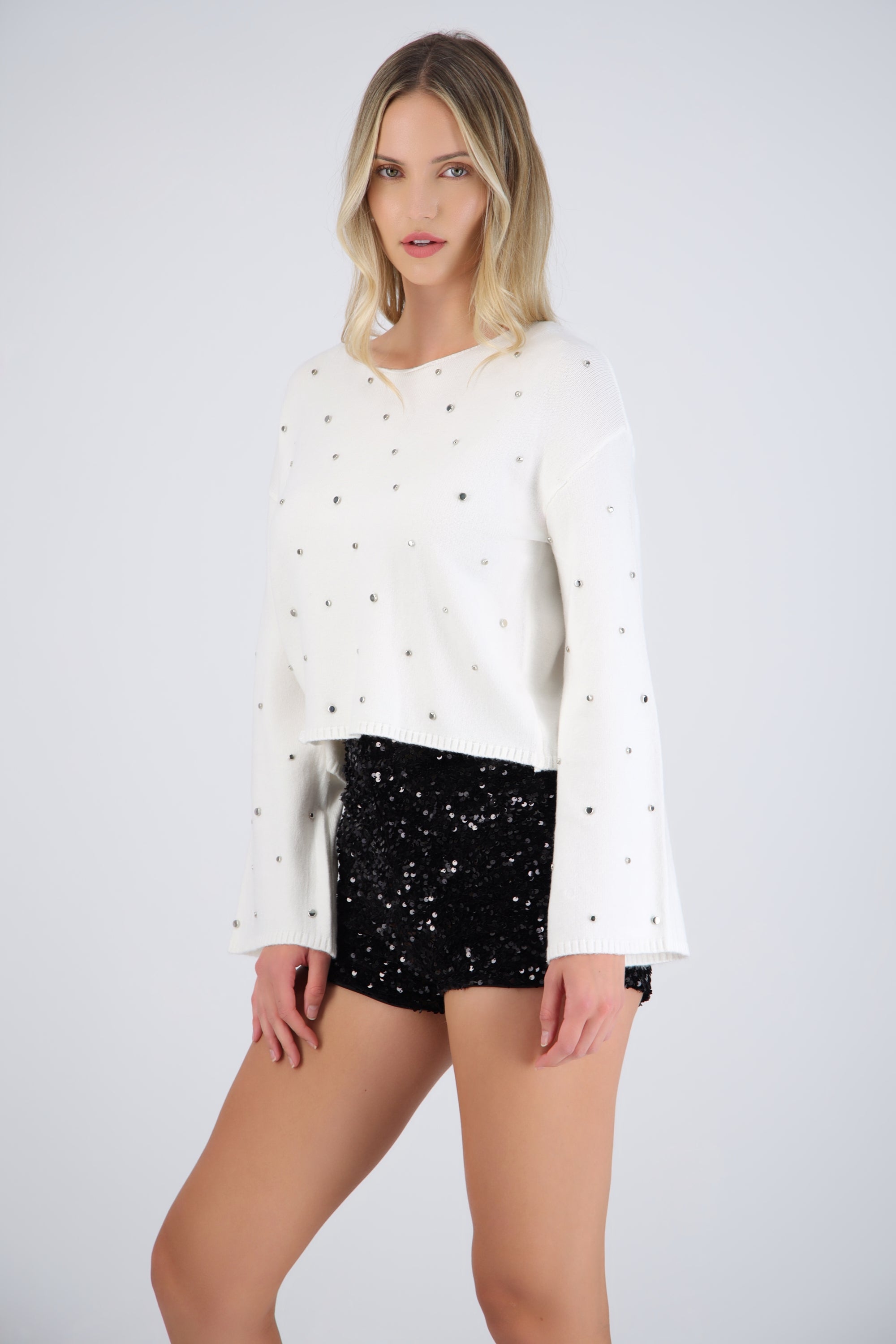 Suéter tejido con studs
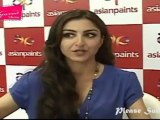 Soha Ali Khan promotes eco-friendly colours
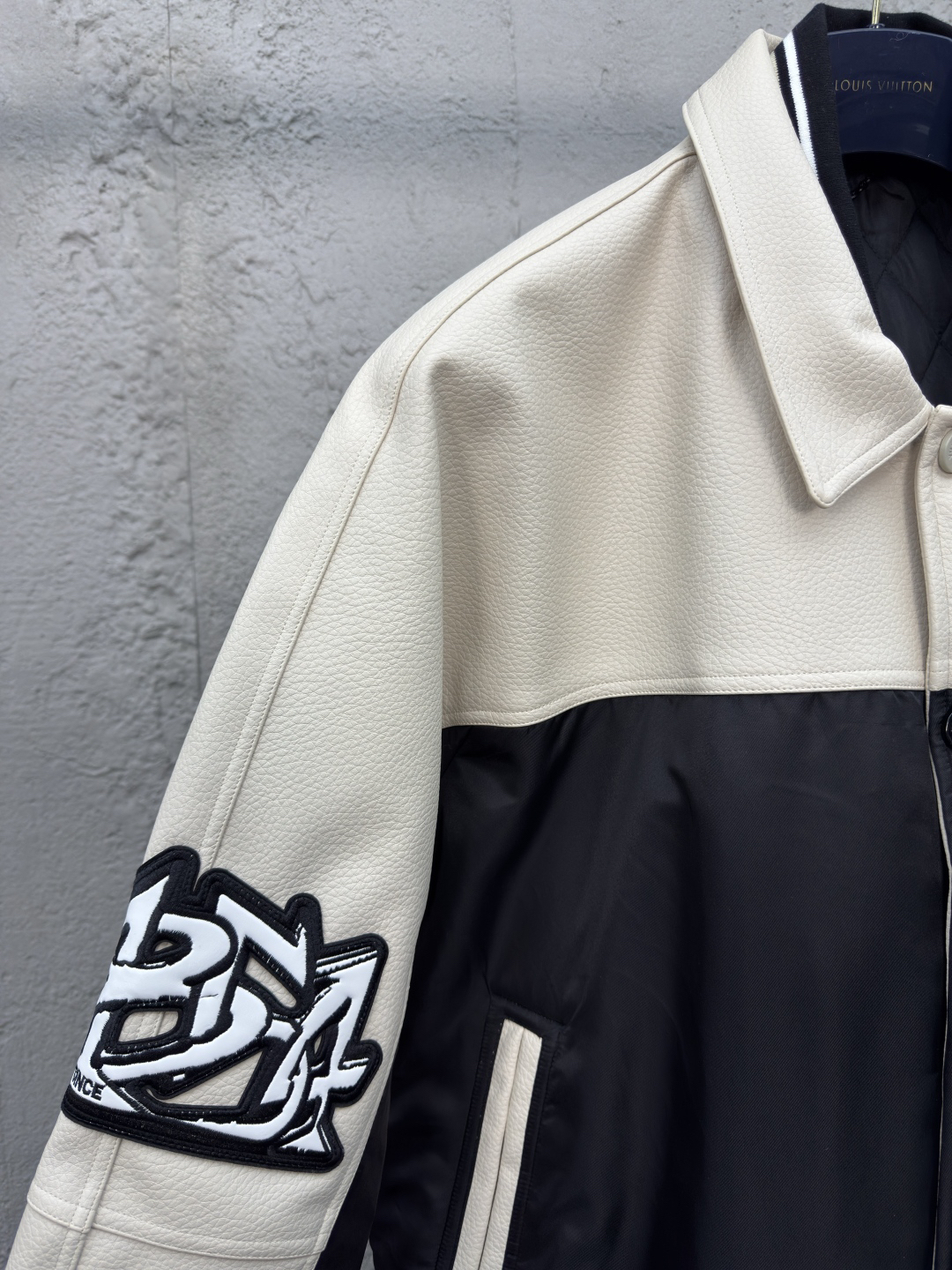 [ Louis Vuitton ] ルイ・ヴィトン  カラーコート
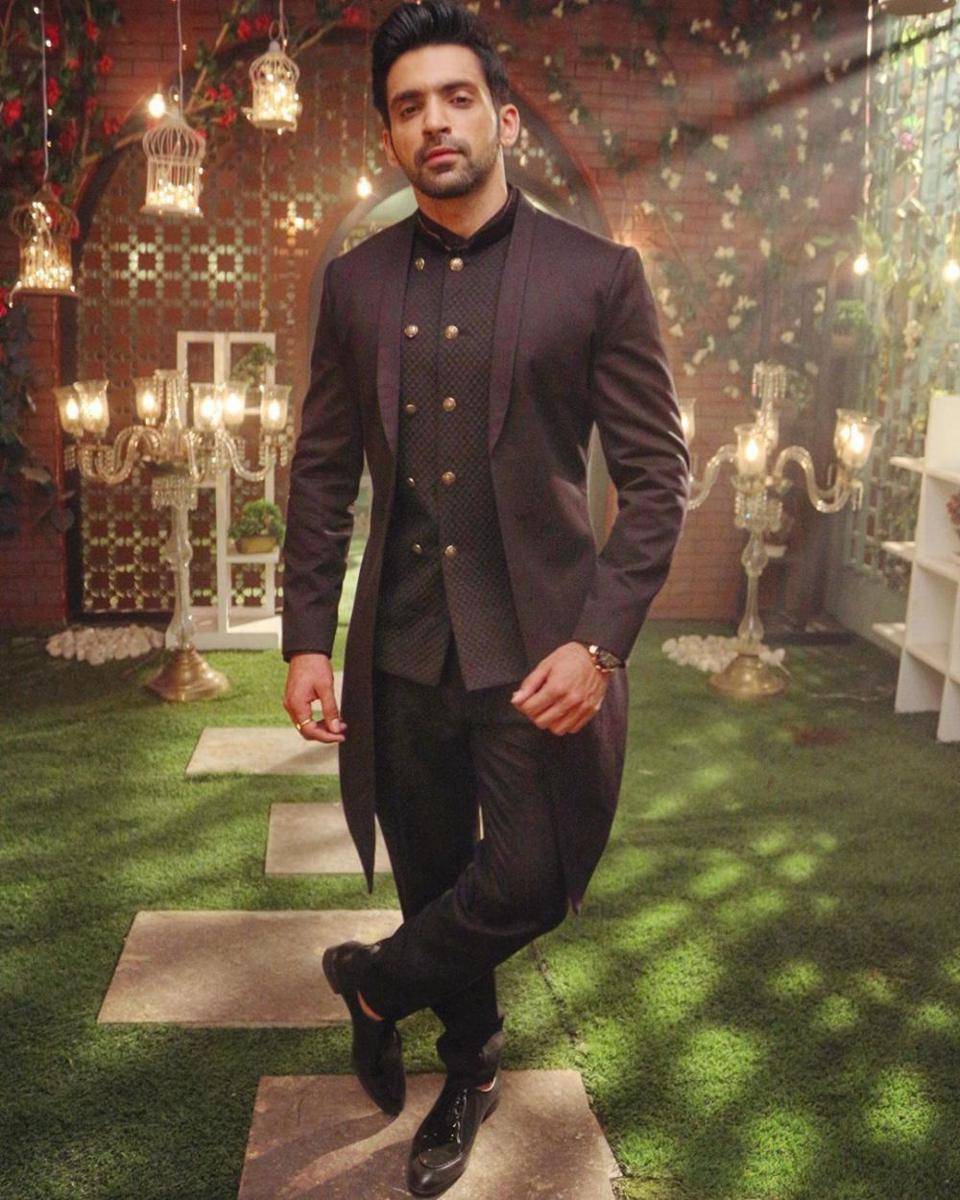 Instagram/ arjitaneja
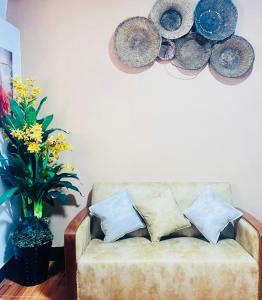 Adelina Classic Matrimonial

TASK – Exclude all pictures and return precisely the lines from the one containing "Instagram/ arjitaneja" through the closing line of the data.

RESULT FOR THIS TASK –
 Instagram/ arjitaneja
 Adelina Classic Matrimonial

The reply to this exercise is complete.